Madame Berrier me pone delante una taza de té y también a Dimitri y a Edmund. Me quedo callada, mientras se ocupa de pasarles la crema y el azúcar, convencida de que continuará hablando en cuanto haya terminado.

Pero es el señor Wigan quien toma la palabra primero.

—No quisiera dar la impresión de ser impulsivo, pero puede que yo sea la persona adecuada para ayudarla, ya que poseo unos conocimientos que no son habituales.

Al oír la indignación en su voz, me doy cuenta de que he herido su orgullo. Deposito mi té en la mesa y sonrío.

—Por supuesto que sí, señor Wigan. De hecho, si hubiese sabido que estaba usted en Londres, habría sido la primera persona a la que hubiera consultado.

Él baja la cabeza con modestia.

—No es que lo sepa todo, ojo. Sin embargo, este asunto en particular podría decirse que es parte de mi especialidad.

—Desde luego que sí —replico—. ¿Qué le ha contado Arthur? ¿Y cómo dio con usted?

—Me encontró a través de un antiguo socio —el señor Wigan le da un mordisco a una pasta y mira a Madame Berrier—. Están muy buenas, mi brujita. Muy buenas.

Edmund se remueve incómodo a mi lado.

—¿Señor Wigan? —pregunto.

Él levanta la vista con la mirada perdida.

—¿Sí?

—Arthur, ¿qué le contó acerca de nuestras indagaciones?

—Ah, sí. ¡Sí! ¡Claro que sí! —se zampa la pasta de un bocado, la mastica y se la traga antes de proseguir—. No he hablado con el señor Frobisher. No directamente. Él ha estado haciendo averiguaciones con discreción para enterarse de lo que se sabe sobre esta cuestión. Pero no había nadie capaz de ayudarle. Se pasaban el asunto unos a otros, hasta que por fin vino a parar a mí. Cuando me enteré de la clase de información que estaba buscando, enseguida supe que era usted quien debía de andar detrás del tema, por lo del asunto de Nueva York.

Madame Berrier se inclina hacia él.

—Querrás decir que nos dimos cuenta, querido.

El señor Wigan asiente enérgicamente.

—Cierto, precioso capullito de rosa. Cierto.

—Entonces, ¿puede darnos la información que necesitamos? —la voz de Dimitri me sorprende. Casi me había olvidado de que se hallaba en la habitación, por lo concentrada que estaba en la conversación con el señor Wigan y Madame Berrier.

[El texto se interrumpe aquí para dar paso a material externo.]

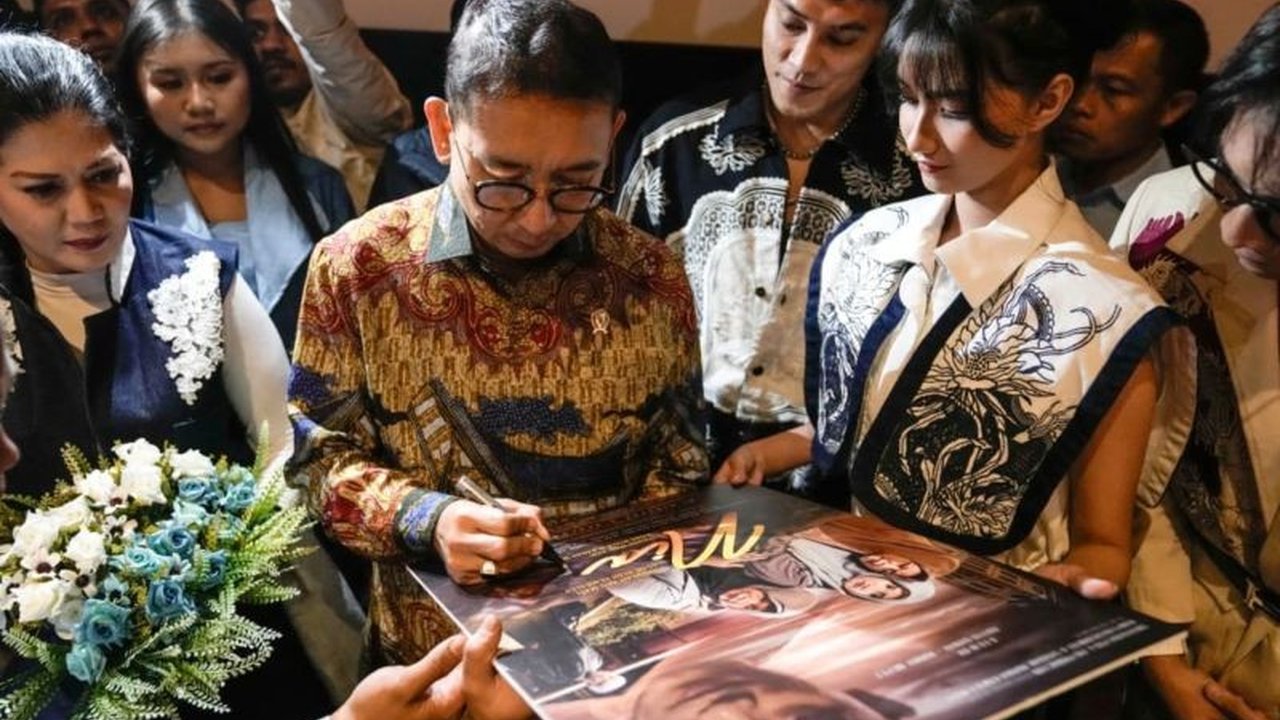 Menteri Kebudayaan Fadli Zon memberikan apresiasi tinggi terhadap film NIA karya Aditya Gumay, yang dinilai mampu mengangkat realitas sosial dan bahaya narkoba secara mendalam, serta diharapkan menjadi pengingat bagi masyarakat.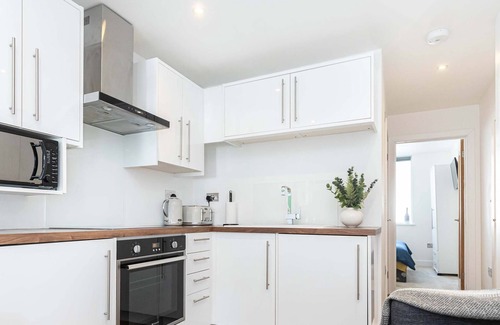 Southbourne Apartment | BOURNECOAST: NEAR BEACH AND RIVER, MODERN APARTMENT WITH SKY TV PACKAGE - FM6102
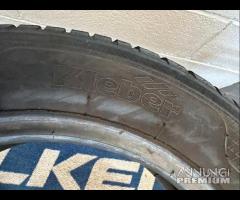 2 gomme 175/60 R15. Kleber 4 Stagioni all 85%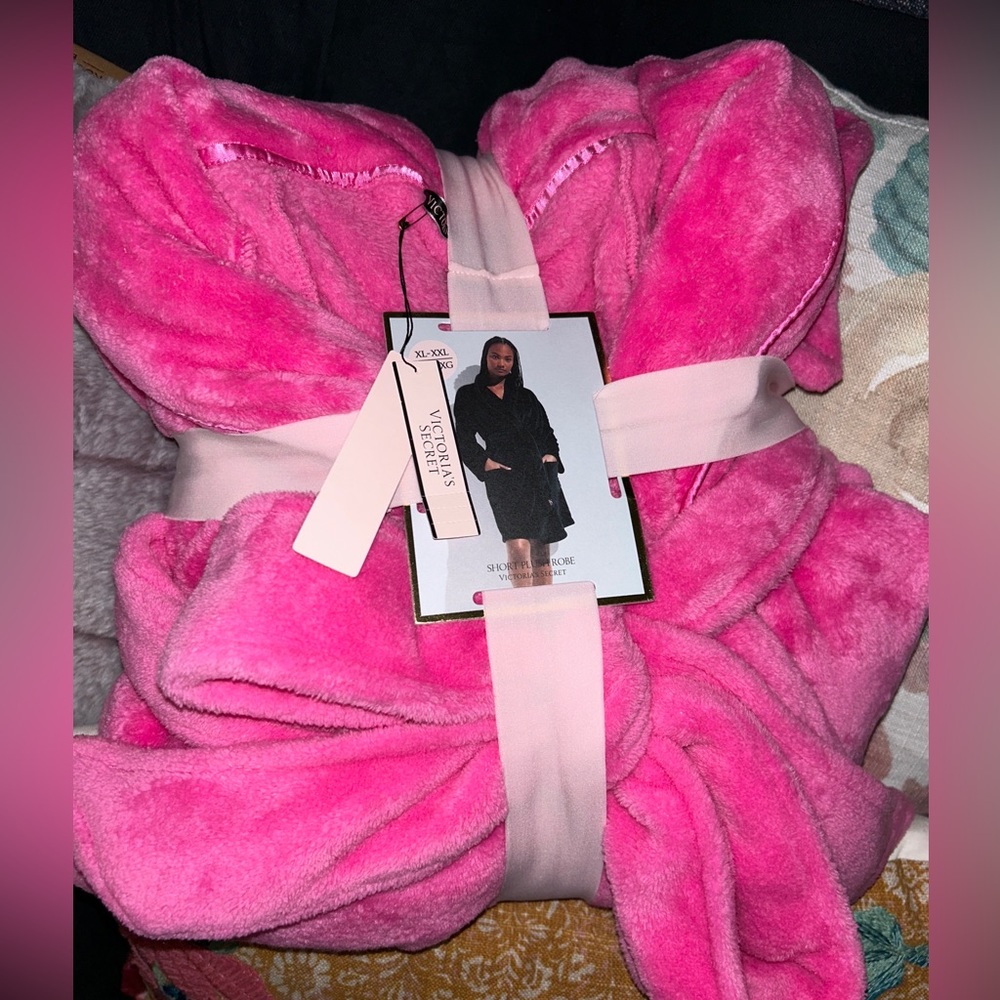 NWT VS XL/XXL Hot pink robe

El señor Wigan mueve la cabeza.

—Oh, no. Me temo que no.

—No comprendo —trato de recordar mi conversación con Arthur, cuando comentó que había encontrado a alguien que podría tener la información que buscaba—. Estoy casi segura de que Arthur dijo que ustedes podrían ayudarnos.

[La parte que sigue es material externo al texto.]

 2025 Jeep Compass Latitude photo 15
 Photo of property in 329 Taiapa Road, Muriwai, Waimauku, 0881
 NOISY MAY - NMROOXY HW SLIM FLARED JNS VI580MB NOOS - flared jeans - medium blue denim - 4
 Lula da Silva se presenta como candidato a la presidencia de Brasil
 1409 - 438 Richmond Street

Madame Berrier asiente con la cabeza.

—Pues claro que podemos.

—Entonces no… no lo entiendo —me siento irremisiblemente perdida, como si hubiese ido a parar a un extraño país en el que cada cual hablara una lengua distinta. Sin embargo, tengo la impresión de que debería saber perfectamente de qué están hablando.

El señor Wigan se echa hacia delante. Habla con tono conspirador, como si temiese que alguien pudiese oírle.

—Yo no he dicho que no pueda ayudarla, sino que no soy yo quien tiene la respuesta.

Madame Berrier se pone en pie y se alisa los faldones del vestido.

—Hace tiempo nos vino bastante bien buscar en otro lugar, ¿no es así?

La miro preguntándome qué quiere hacer y replico:

—Supongo que sí.

—Pues vámonos. Imagino que habrán venido en coche, ¿no?